Lack of Tech Adoption Still Troubles Accounting Profession, Survey Says

In an online survey of 493 U.S.-based accounting firms, 88% indicated that technology has a positive impact on efficiency and client service, yet 60% described their firm on the lower end of the technology maturity continuum, with “somewhat disconnected software systems, inconsistent processes and the absence of standardized workflows.”

The results come from Rightworks, which today released findings of its inaugural 2024 Accounting Firm Technology Survey, which examined the attitudes and impact of technology adoption across the accounting profession.

The survey said the profession is slow to benefit from modern technologies like AI, collaboration tools and data-driven insights, as 43% of respondents reported less than 75% of their apps and data had been migrated to the cloud.

However, those on the higher end of adoption showed as much as 39% higher revenue per employee. “It is time to wake up the profession and get it out of the cycle of unbearable tax seasons and antiquated ways of doing business,” the study said.

Technology positively impacts workplace efficiency and client services, according to 88% of respondents. The top benefits cited were the ability to support flexible/remote workers and heightened firm and client data security.

“Overall, the accounting profession is optimistic about new technology but is now more than ever at a crossroads as the talent pipeline continues to shrink and client expectations grow,” said Joel Hughes, CEO of Rightworks.

Lack of technology expertise and resources, as well as lack of budget, were cited as the top challenges for nearly half the firms moving to the cloud.
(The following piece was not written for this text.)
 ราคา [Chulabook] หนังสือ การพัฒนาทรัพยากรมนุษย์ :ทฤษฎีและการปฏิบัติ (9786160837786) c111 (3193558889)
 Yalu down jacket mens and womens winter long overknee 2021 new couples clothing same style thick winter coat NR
One-third of firms that have moved less than half their data and apps to the cloud reported security as a concern, yet the majority that have moved at least half their data and apps to the cloud report that security and accessibility are top benefits, the study said. “The irony of these concerns seems to confirm the overall lack of education about technology and its benefits. “

AI highlights of the report:

  • Inaccuracy and data privacy in AI were reported as the top concerns among all respondents, and 35% reported they have no plans to incorporate AI.
  • Additional concerns cited were cost, trust and AI replacing jobs. Some stated they’re taking a “wait and see” attitude to AI adoption.
  • For AI to take hold, less progressive firms will have to see significant and rapid ROI before they dive in.

The study concluded that transformation means embracing technology’s potential rather than fearing it. “It is imperative that firms aspiring to be modern firms not only seek education and embrace technology but also intentionally facilitate discussion internally, as well as with their clients. This is the only way to truly lead the profession in the right direction.”